Benders’ company, Midwest Regional Bancorp Inc., indicated the bank would use the funds to expand operations. That same year after purchasing the bank of Otterville, the holding company began offering its preferred stock, and re-established its charter at a brand new location in Festus. Bender said the company paid back its $700,000 in TARP funds after six months.

The. U.S. Treasury used five bank investment programs as a part of TARP, and reports that it has received $20 billion more than the $245 billion originally invested in banks. Overall TARP has recovered 89 percent of the funds it disbursed to banks, the auto industry, AIG, and credit markets.

Bender said the bailout received its negative connotation from its investment in Wall Street Banks like AIG.

“The government got its bad name from taking money from its original intention,” Bender said.

Although Missouri banks lag behind elsewhere in returning funds to the treasury, executives report they have worked to pay back what they can.  Carter Peters, the Executive Vice President and Chief Financial Officer at Guaranty Bank in Springfield said in June 2012 the company paid back $5 million of the $17 million TARP issued to the bank in January 2009.

Peters said TARP provided “cost effective capital during the financial crisis in order for us to properly manage and liquidate problem assets, while also continuing to lend and invest in the community.”

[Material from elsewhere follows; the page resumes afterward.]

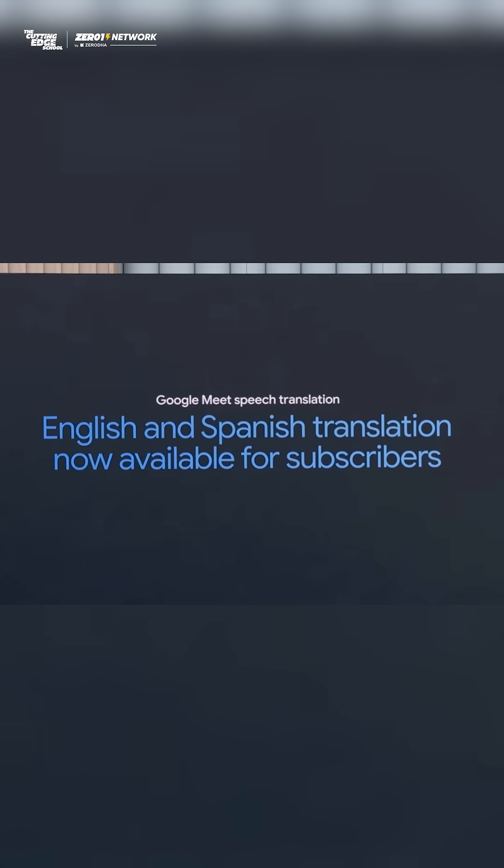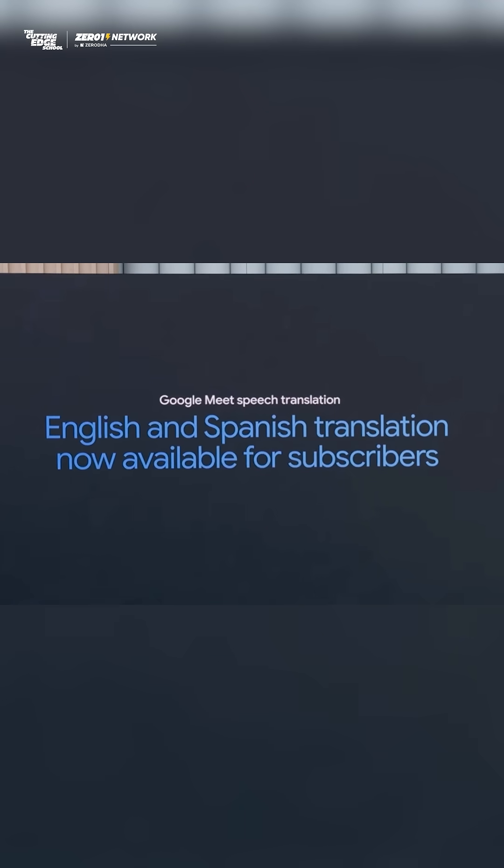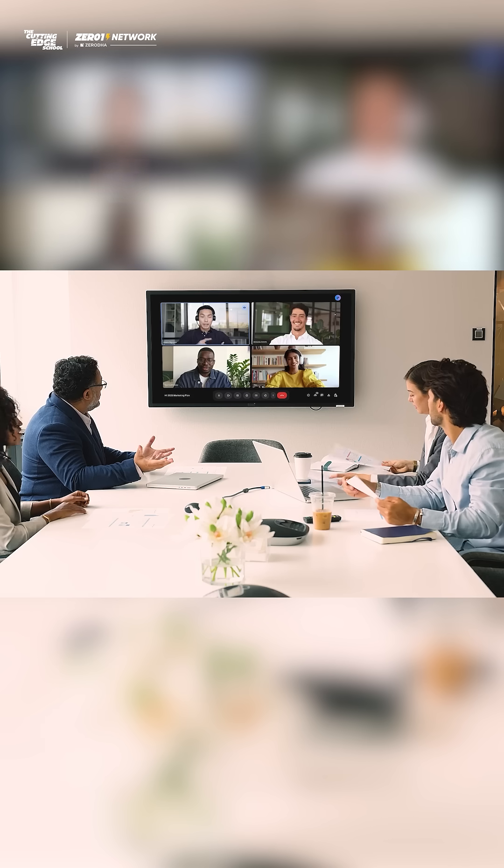Right now, it works with English and Spanish, with Italian, German, and Portuguese coming in just a few weeks. You can have up to 100 people in these translated meetings, perfect for global teams working together.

Overall, Peters said the program has helped the bank’s business.

Taxpayers have even profited from some Missouri banks. Springfield headquartered Great Southern Bancorp, Inc. has returned a profit of over $14 million in its transactions with TARP.

According to a company press release in August 2011, the company qualified and received a $57.9 million investment from TARP as part of the Small Business Lending Fund. It paid back its TARP funds at the same time, redeeming the $58 million worth of shares in the company’s preferred stock the treasury purchased through the Capital Purchase Program (CPP).

The next month, the company ended its participation in the CPP by negotiating a $6.4 million repurchase from the treasury of its common stock.

The treasury reports, “every additional dollar that is recovered from TARP’s bank investments represents an additional return for the taxpayers.”

Each Missouri bank still working to pay back funds will be returning the investment to U.S. taxpayers.

Peters said Guaranty Bank has continued to face “a weak economy, business, and poor job growth.”

“Also, the banking regulatory environment has been very challenging.”

Peters said increased profitability and decreased regulatory burden would help the bank pay back its funds. Guaranty has not yet scheduled when it will repay more funds, Peters said.

Reliance Bancshares still owes over $36 million in funds to the treasury.